The national competition also holds its final screening (although the films will be repeated). This group of films deals with underexplored parts of our country. It includes How Big Is the Galaxy? by Ksenia Yelyan, a snowy film about the Dolgan, a small-numbered peoples living beyond the Polar circle and trying to preserve its culture against the pressure from the outside world. And Alexey Evstigneev’s short film The Track about a narrow-gauge railway, which is the only connection between the village Otdalenny in the Caucasus and the world.

In the evening, international animation programme screening will start at Velikan Park — a 100-minute block that includes works by Konstantin Bronzit, Leonid Shmelkov, as well as beginning and experienced animation directors from around the world.

The second block of In Silico competition will be screened at Aurora cinema. Even more experiments can be seen in Aurora, where the Helsinki cooperative films will be screened as part of the Nordic Avant-Garde programme. The Icelandic video art exhibition continues at the Museum of the History of Photography.

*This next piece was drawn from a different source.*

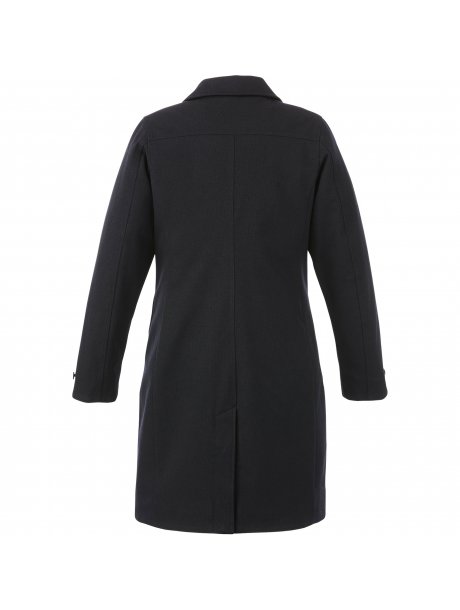 TM9970399703_995_A_OFF-BV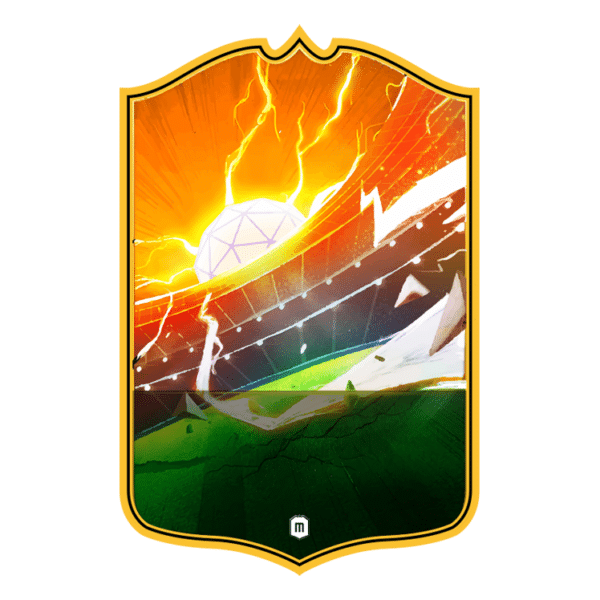 FC24 Heroes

Panorama.doc documentary programme will show the last work by Agnès Varda – Varda by Agnès, a sort of an attempt at an autobiography and drawing conclusions, but made in that marvellous manner that for 60 years clearly characterized this remarkable author.

The Surreal Cinema programme shows two St Petersburg premières. Sorry We Missed You by Ken Loach, a classic of British social realism. Film critic Yegor Belikov writes, “Sorry We Missed You might seem mockingly simple: two parents go to work, return home and raise their children, repeated many times per week (the dad has only one day off, both are very busy, so the children get out of hand). And yet it is captivating: you sit and worry for them, how will they survive, these blue collars.” It will be followed by I Was at Home, But by Angela Schanelec, one of the main authors of the Berlin school of filmmaking. Film critic Nikita Smirnov writes, “Angela Schanelec’s films look into children, adults and animals and either compare their situations (an attentive viewer will find similarities), or the ways of existing on screen. In order to do this, Schanelec exposes her own direction by compiling a film not just from what is evident, but from absences and omissions, by leaving for herself only a static camera, and for her characters – a minimum of lines and gestures in which actors can find refuge from her unwavering gaze.”

The Collapse of Socialism will show Material by Thomas Heise. Curator Katerina Beloglazova talks about the film. “Thomas Heise’s Material (2009) is a monumental 3-hour-long record of the events of autumn of 1989, images that he personally shot with a Betacam and that are followed by his other videos and deliberations on the history of Germany up to 2008. It is one of the most detailed records of the transit from East to West Germany.”

The Chantal Akerman retrospective will show News from Home, an experimental attempt of the European director to reconstruct her life in New York of the early 1970s, but five years later. According to Dennis Lim, a film expert and director of programming at the Lincoln Center, this film is “a brilliant experiment in self-portraiture and sound-image relationships that both derive their power from paradox… conjuring an indelible sense of both place and displacement.”

Lendok Open Film Studio will host an event by B2B Doc, an informal collective of documentalists from the Baltic to the Black Sea. B2B Doc is a co-production platform for filmmakers living and working between the Baltic Sea in the North and the Black Sea in the South. European film producers’ workshop will start at 9 a.m. (registration required). Discussion topics include: how to enter the international market with your project, what potential does a local story have, whete to look for financing and what tools help achieving your goals. After the workshop there will be an open pitching of projects, at the end of which experts will provide their feedback to filmmakers and might select some of them for further participation in B2B Doc’s events.

In the evening, St Petersburg School of New Cinema will host a workshop by a Dutch video artist and director Pim Zwier.